Cette approche, on le voit, repose sur la mise en œuvre d’un FPGA centralisé, clé de voûte du système, en l’occurrence ici, dans cette première version de la DRS360, un circuit MPSoC Zynq UltraScale+ de Xilinx gravé en technologie 16 nm. Un circuit qui combine matrice de FPGA, processeur quadricœur 64 bits ARM Cortex-A53 cadencé à 1,5 GHz, sous-système temps réel à double cœur ARM Cortex-R5, moteur de gestion de la sécurité, unité graphique ARM Mali-400MP et codec vidéo H.265.
Cette architecture prônée par Mentor vise, selon la société, à réaliser une véritable fusion des données brutes issues des capteurs alors que, dans les architectures distribuées où chaque capteur possède sa propre unité de traitement en local, il y a une déperdition d’informations qui amène à une moindre précision dans les calculs qui suivent. Sans compter, toujours selon l'Américain, qu’avec ces architectures distribuées les temps de latence liés au réseau embarqué utilisé (Ethernet temps réel par exemple) sont importants et nuisent à la réactivité du système global.
Enfin, Mentor souligne qu’en ne s’intéressant pas aux données brutes des capteurs, mais à des données déjà prétraitées, les résultats des algorithmes de fusion de données manquent de précision et de fiabilité, affectant de fait la sécurité d’un véhicule autonome.
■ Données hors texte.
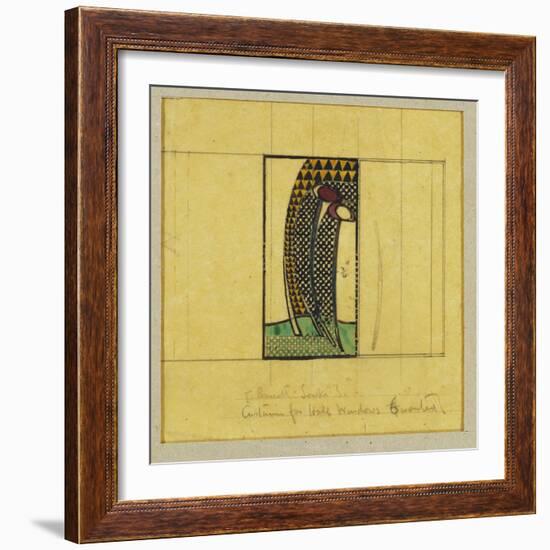 Design for Curtains for the Hall Windows, for W.J. Bassett-Lowke, 1916-17-Charles Rennie Mackintosh-Framed Giclee Print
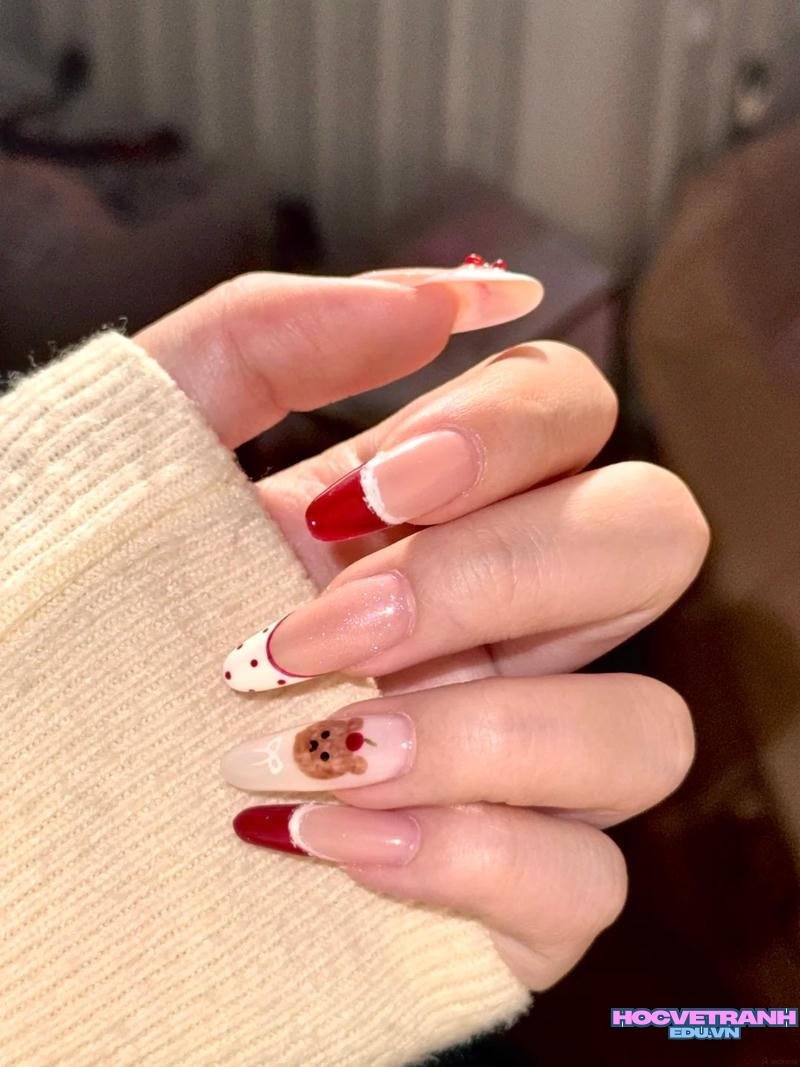 Tuyển tập bộ ảnh nail gấu miễn phí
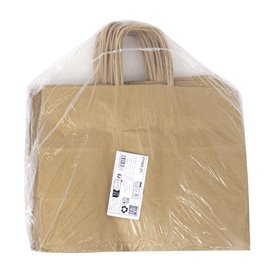 Saco Papel Kraft com Asas Torcidas 80 g/m² 32+16x26cm (25 Uds)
De ce point de vue, l'éditeur affirme d’ailleurs que sa plate-forme est conçue nativement pour faciliter le respect des exigences de sûreté des voitures autonomes liées aux spécifications ISO 26262 Asil D.
Cette vision pose toutefois quelques questions sur la réalisation concrète de la solution dans une perspective industrielle. On peut se demander notamment quelle technologie sera mise en œuvre au niveau des liens haute vitesse entre les capteurs issus de divers constructeurs et le FPGA, ainsi qu’entre le FPGA et les processeurs en charge des logiciels de traitement des données. Ensuite, même si Mentor met l’accent sur la relative sobriété énergétique d’une telle approche au niveau global, un MPSoC Zynq consomme environ 100 W, une valeur qui semble incompatible avec un système embarqué dans un véhicule autonome produit à des millions d'exemplaires. De plus, d’autres types d’architectures de calcul pourraient se prévaloir de se poser en alternatives crédibles, comme par exemple les processeurs massivement multicoeurs du français Kalray qui s’intéresse de près à ce marché des véhicules autonomes. A suivre donc.